Got a Columbia anglebox so playing around with that now, Got DM and COL 2.5 and 3.5 angleheads and seem to have the DMs going better Than the COLs, The DMs are a little smaller than so the 2.5 dm is bang on for the mud amount behind the zook, But the 2.5 col is bigger so struggles for mud a little more, Its amazing the difference, Companys make the same tools but have little differences between them which can make running then like chalk and cheese. Even the difference between how they fit on the box, COLs are very very sloppy and slack on there own box but the DMs fit a little tighter and better.



Oldtimer said:


> Thanks cazna. Being able to use the angle box would certainly save me some time. I always give the angles a light sand before I finish coat them, so hopefully that will be enough to make the angle box and head work  oh..and thanks for the link


 Well I couldn't do a flusher first then anglehead last old timer, The flushers a rounded corner, The angleheads pointed so the point just drags the rounded flusher muds and didn't go well for me at all but sand it out clean first and it should be fine but I have had very good results with 2.5 anglehead for taping, Its just a light swipe.
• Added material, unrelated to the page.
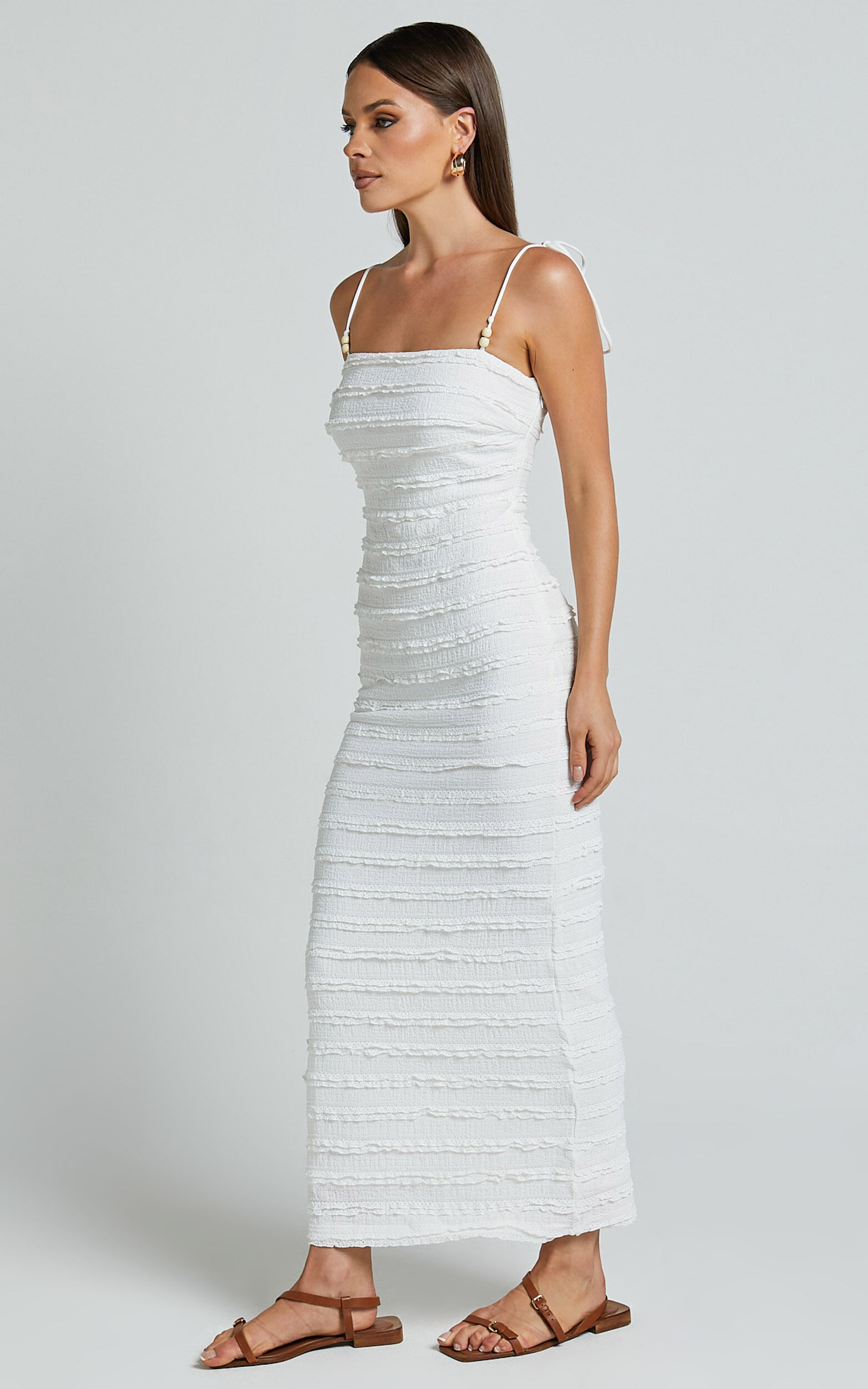 Alanna Midi Dress - Textured Midi Dress With Tie Straps in White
See how different we all do things, Its upto you to try these things out and figure out whats working for you.


----------



## fr8train (Jan 20, 2008)

My 3.5 DM head goes just fine over a 3" flusher. My flusher is fairly new, and the angle head has the tip rounded out just a bit.


----------



## VANMAN (Jan 14, 2011)

2.5 DM head behind the gun no use to me! 2 much mud for it.
I use the 3, So ur right Caz everything and every1 is dif!:thumbsup:
I'm away 2 order a can-am flusher to try!:thumbup:


----------



## VANMAN (Jan 14, 2011)

Whats the dif from a Can-am standard 3 flusher and the wide track 3???????????????????????


----------



## VANMAN (Jan 14, 2011)

Ordered a 3 flusher and a pole that extends:thumbsup:
Better b better than that BTE sh*te!


----------



## cazna (Mar 28, 2010)

VANMAN said:


> Ordered a 3 flusher and a pole that extends:thumbsup:
> Better b better than that BTE sh*te!


 I reckon you will like it, Almost bet my left one on it :thumbsup:


----------



## JustMe (Apr 17, 2009)

VANMAN said:


> Whats the dif from a Can-am standard 3 flusher and the wide track 3???????????????????????
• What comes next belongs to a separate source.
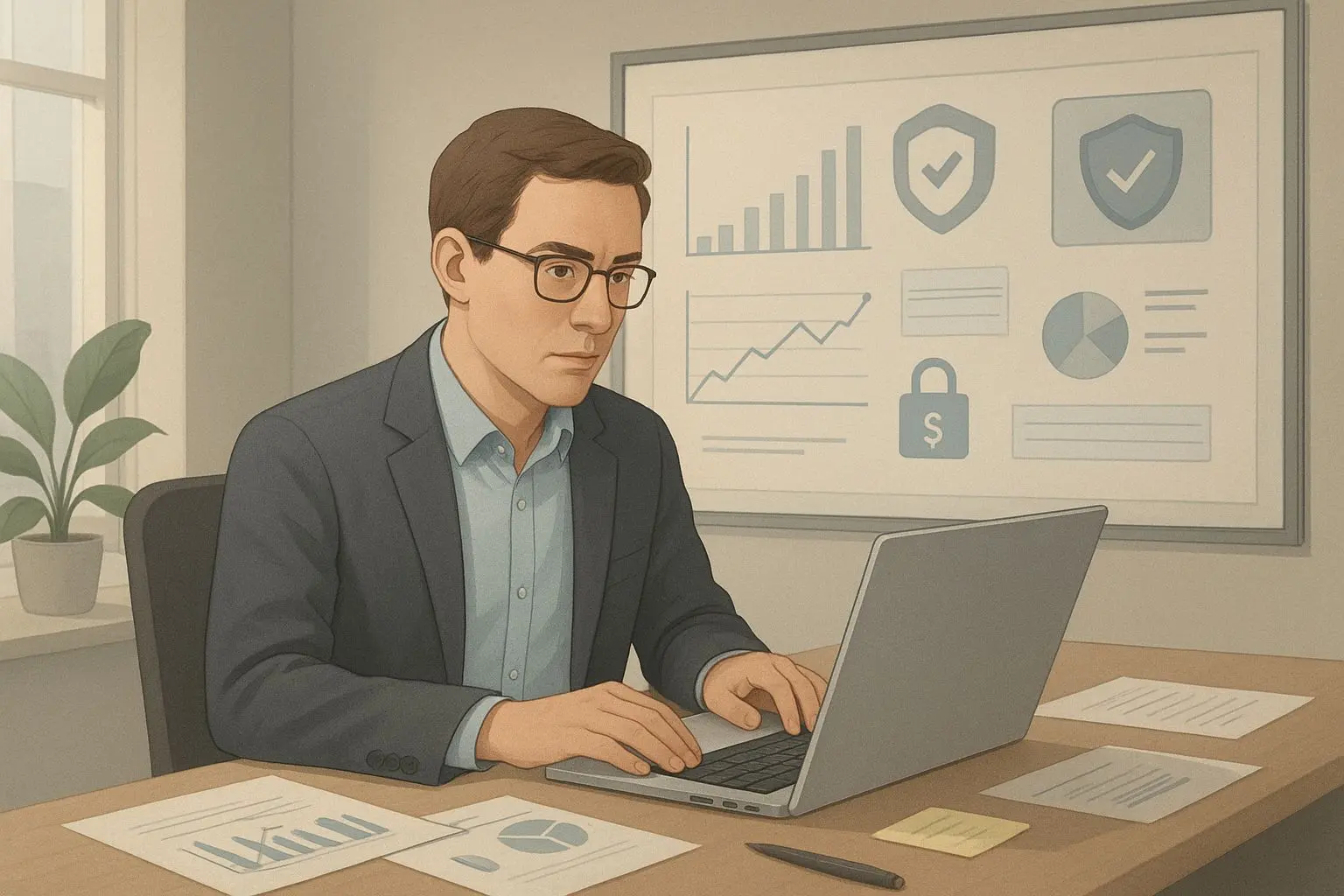 Ilustração genérica de especialista a analisar pagamentos digitais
Never used a Can-Am that I would call being a 'wide track', but I'd say it's the skids being placed wider apart. Don't know for sure how that might affect how they would handle. Could be better for things like keeping the skids out of wide bevels, but maybe wouldn't track as straight as the 3" ones with the skids placed more narrowly.


----------



## VANMAN (Jan 14, 2011)

cazna said:


> I reckon you will like it, Almost bet my left one on it :thumbsup:


And I will give u my right 1 if so!


----------



## VANMAN (Jan 14, 2011)

JustMe said:


> Never used a Can-Am that I would call being a 'wide track', but I'd say it's the skids being placed wider apart. Don't know for sure how that might affect how they would handle. Could be better for things like keeping the skids out of wide bevels, but maybe wouldn't track as straight as the 3" ones with the skids placed more narrowly.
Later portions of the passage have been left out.